De acceleratie waar [getuige 1] over verklaart komt evenmin vast te staan. [getuige 1] heeft verklaard dat zij meteen begon met het minderen van snelheid toen zij het verkeerslicht op oranje zag springen. Verdachte heeft niet verklaard haar snelheid te hebben aangepast bij het oprijden van de kruising. Het gevolg hiervan is dat de auto van [getuige 1] verder verwijderd raakt van de auto van verdachte als gevolg van de snelheidsvermindering van de auto van [getuige 1].
Tevens heeft [getuige 1] verklaard dat het verkeerslicht al 3 tot 4 seconden op rood stond toen verdachte door het rode licht reed. Deze verklaring strookt niet met het gegeven dat de ontruimingstijd tussen fase 12 (verkeer komende uit de richting Danoweg) en de Tegelsweg (fase 8) 0 seconden is en dat getuigen [getuige 2] en [getuige 3] (beiden komende uit de Danoweg) verklaren dat op het moment dat zij doende zijn op te trekken en de Tegelseweg (richting Tegelen) op te rijden en over te steken teneinde hun weg over de Tegelseweg richting Venlo te vervolgen al zien dat het ongeval plaatsvindt.
Naar het oordeel van de rechtbank is de verklaring van [getuige 1] dan ook niet redengevend om te dienen als bewijsmiddel voor de stelling dat verdachte door rood licht is gereden.

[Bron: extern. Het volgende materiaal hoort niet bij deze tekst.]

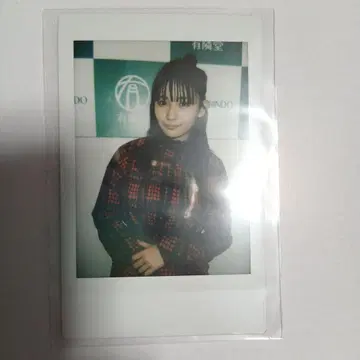 아사카와 리나 폴라로이드 체크 무늬 여성 폴라로이드 사진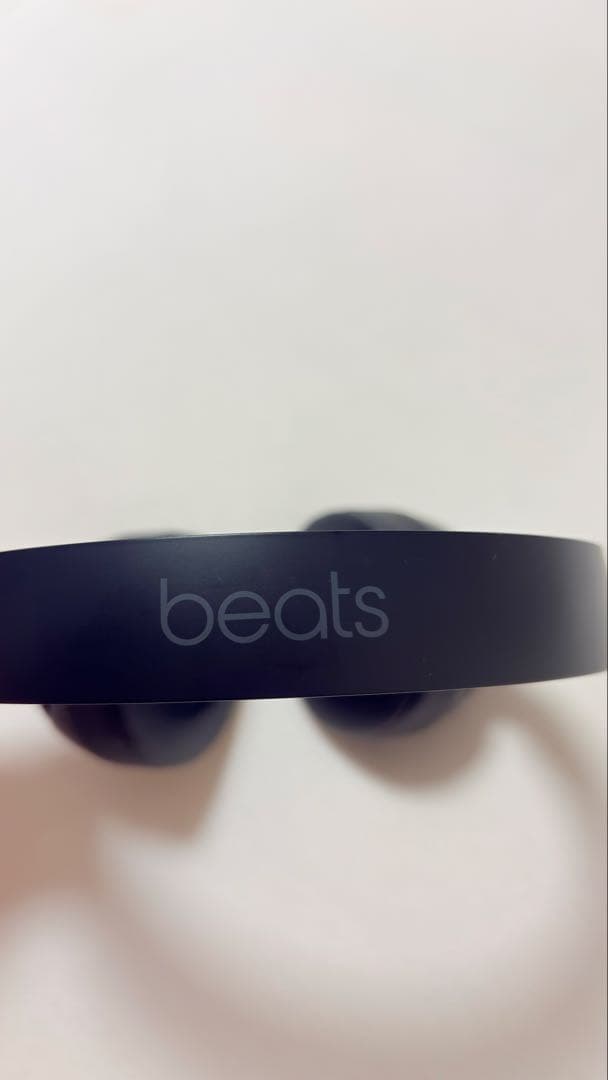 Beats Solo Pro ケース付き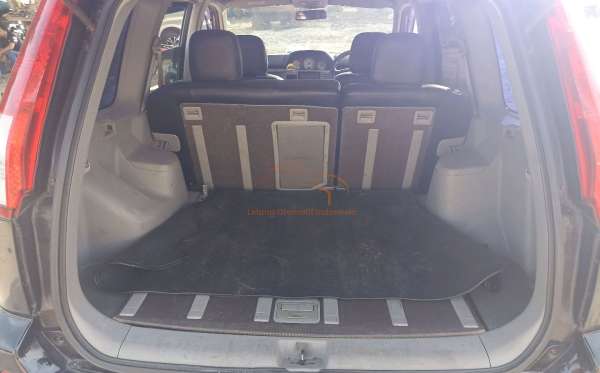NISSAN X TRAIL 2.5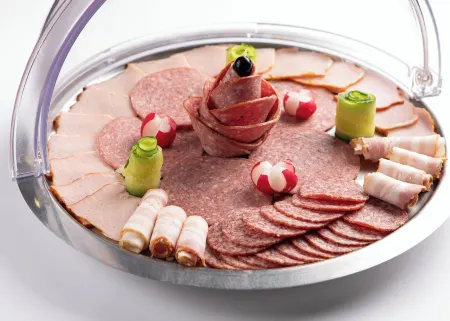 Algiro Hotel Отели рядом с достопримечательностью «Костел Воскресения Христа»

De conclusie van de politie, uitgedrukt in een bepaalde mate van waarschijnlijkheid, is mede gebaseerd op de verklaring van getuige [getuige 1]. Immers relateert de politie in haar analyse van de verkeersregelinstallatie dat zij uitgaat van de juistheid van - onder meer - de getuigenverklaringen, waaronder die van [getuige 1].Nu de conclusie van de politie naar het oordeel niet kan worden gedragen door de verklaring van getuige [getuige 1], legt de rechtbank deze conclusie naast zich neer. Noch op basis van het politieonderzoek noch op basis van getuigenverklaringen kan komen vast te staan dat verdachte door het rode licht is gereden.

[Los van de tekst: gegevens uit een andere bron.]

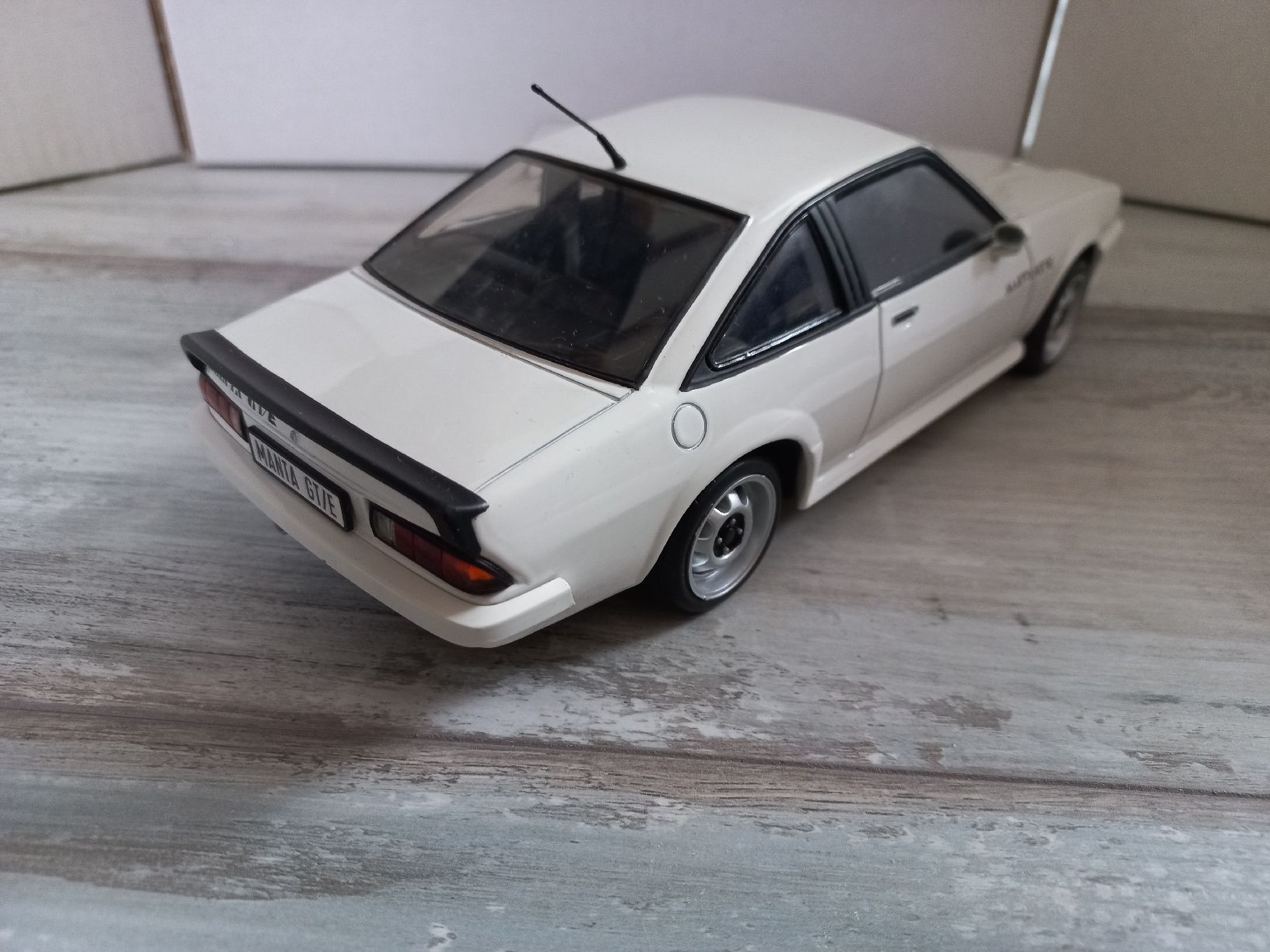 Revell Modellautos: Opel Manta GTE 1/18 Revell – Gebraucht aus Attalens von remy_s00 1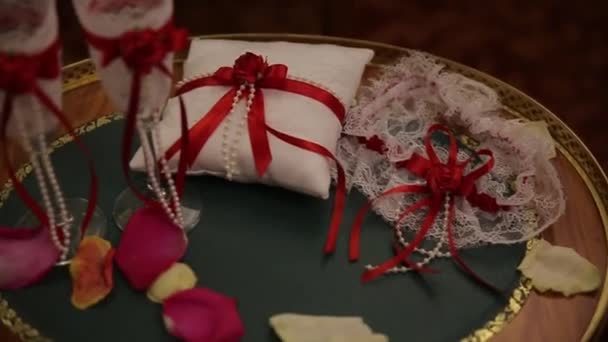 Ajuste de mesa festivo de boda con flores, servilletas, cubiertos vintage, vasos, detalles de decoración de mesa brillantes. Bodas vasos sobre la mesa con boda blanca con flores. Gafas de lujo con cinta roja — Vídeos de Stock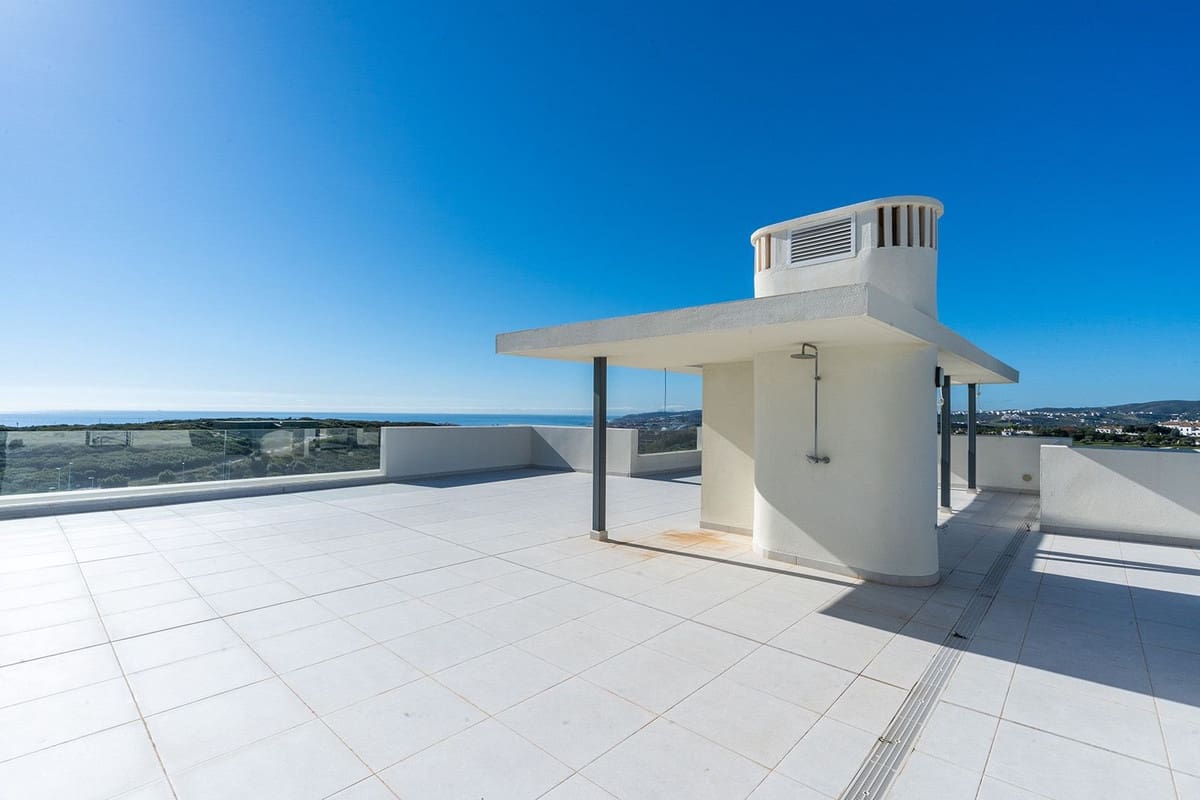 3 bedroom Penthouse for sale in Casares with pool - € 950,000 (Ref: 8122943)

Anderzijds is wel komen vast te staan dat het slachtoffer door het rode licht is gelopen. Dit blijkt uit de verklaring van getuige [getuige 4] die naast het slachtoffer stond te wachten voor het rode verkeerslicht. Voorts wordt deze verklaring bevestigd door de werking van de verkeersregelinstallatie, die zo was ingesteld dat fase 32 (voetgangersoversteekplaats) niet tegelijkertijd groen kon hebben met fase 8, die net groen had gehad en ook niet met de daaropvolgende fase 12 (oprijdend verkeer vanuit de Danoweg), terwijl uit de reeds hiervoor aangehaalde verklaringen van [getuige 2] en [getuige 3] blijkt dat fase 12 groen licht had.

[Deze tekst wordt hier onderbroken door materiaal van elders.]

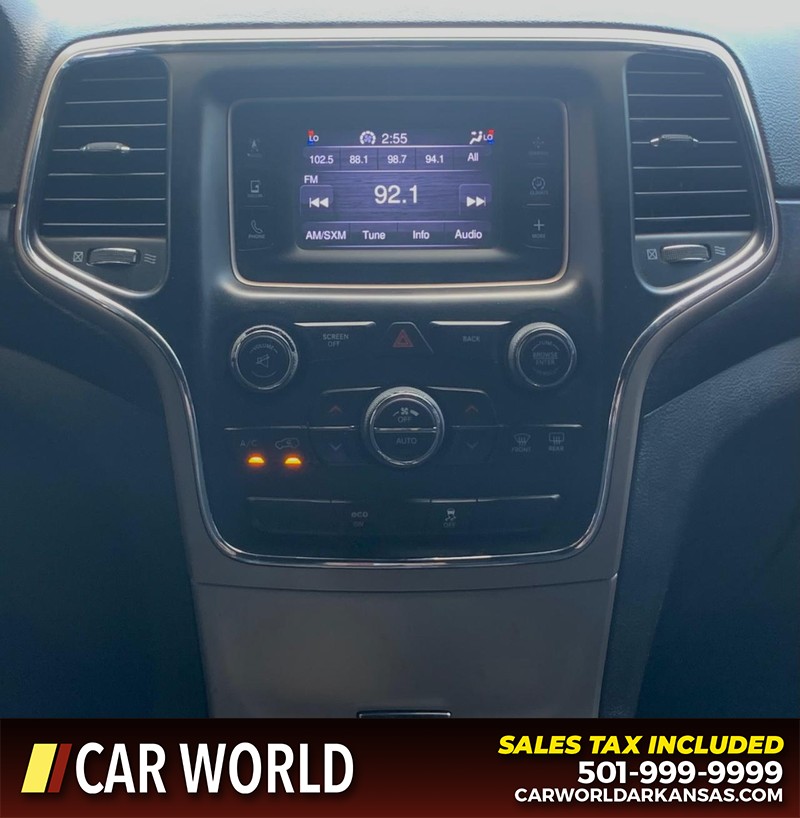 Jeep Grand Cherokee Vehicle Full-screen Gallery Image 11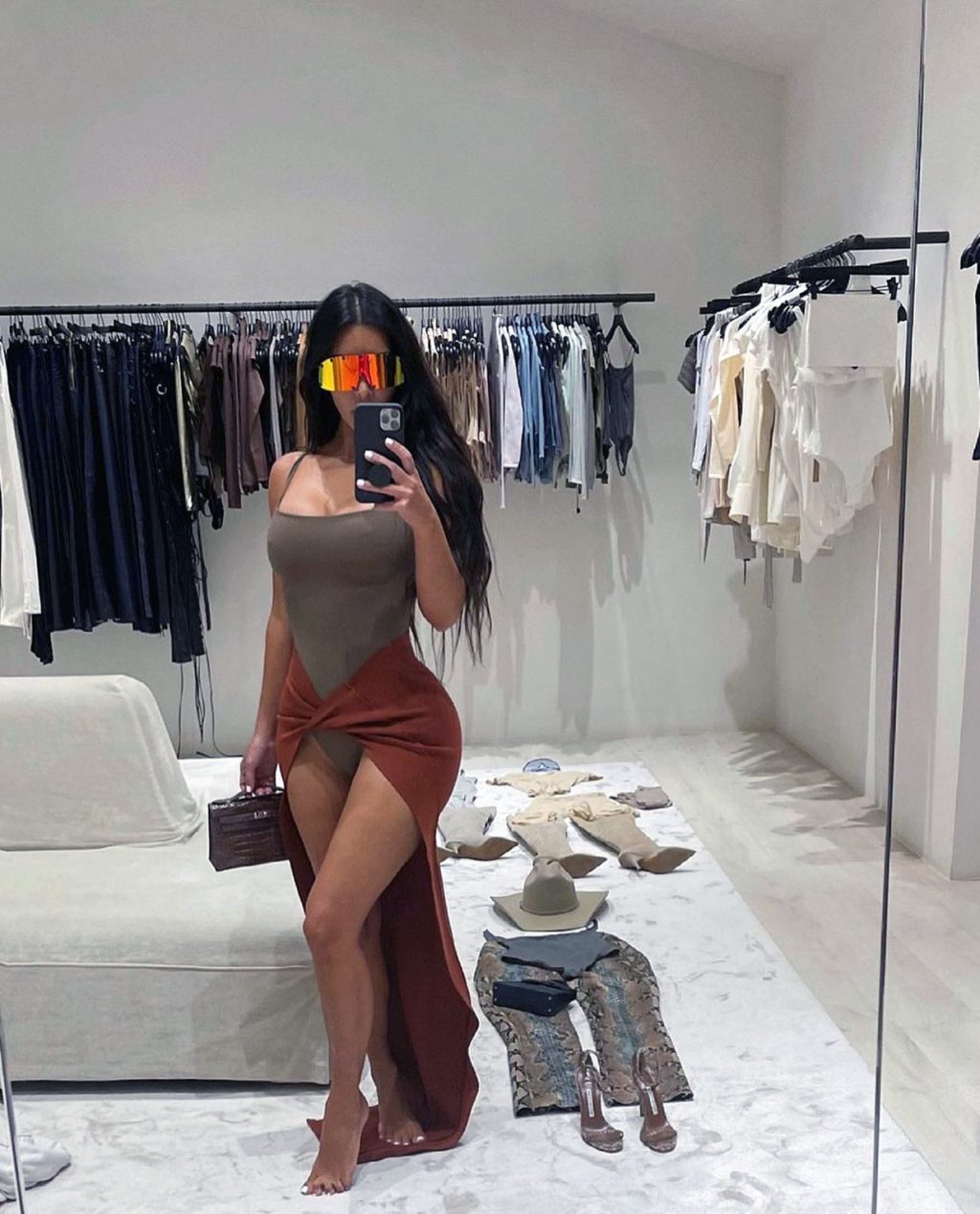 Kim Kardashian nude sexy topless hot naked bikini4 1024x1268 optimized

In het onderhavige geval zijn er voorts geen feiten en omstandigheden die maken dat de rechtbank tot het oordeel komt dat het passeren van het verkeerslicht welk op dat moment geel licht uitstraalde een verkeersfout oplevert. Gelet op het vorenstaande komt de rechtbank tot het oordeel dat niet gebleken is dat de gedragingen van verdachte kort voorafgaand aan de aanrijding met het slachtoffer zeer dan wel aanmerkelijk onvoorzichtig en/of onoplettend zijn geweest. De vraag of er sprake is van schuld in de zin van artikel 6 WVW 1994 moet derhalve ontkennend worden beantwoord. Dientengevolge zal verdachte van het primair ten laste gelegde worden vrijgesproken.
Ten aanzien van het subsidiair ten laste gelegde onderdeel is rechtbank van oordeel dat nu niet vastgesteld is dat verdachte een verkeersfout heeft gemaakt door in de gegeven omstandigheden door het oranje/gele licht te rijden, terwijl wel is vast komen te staan dat het slachtoffer het voor haar rood licht uitstralende verkeerslicht heeft genegeerd, niet geconcludeerd kan worden dat de gedragingen van verdachte gevaar op de weg hebben veroorzaakt en/of het verkeer op de weg hebben gehinderd zoals bedoeld in artikel 5 WVW 1994 waardoor verdachte ook van dit onderdeel van de tenlastelegging moet worden vrijgesproken.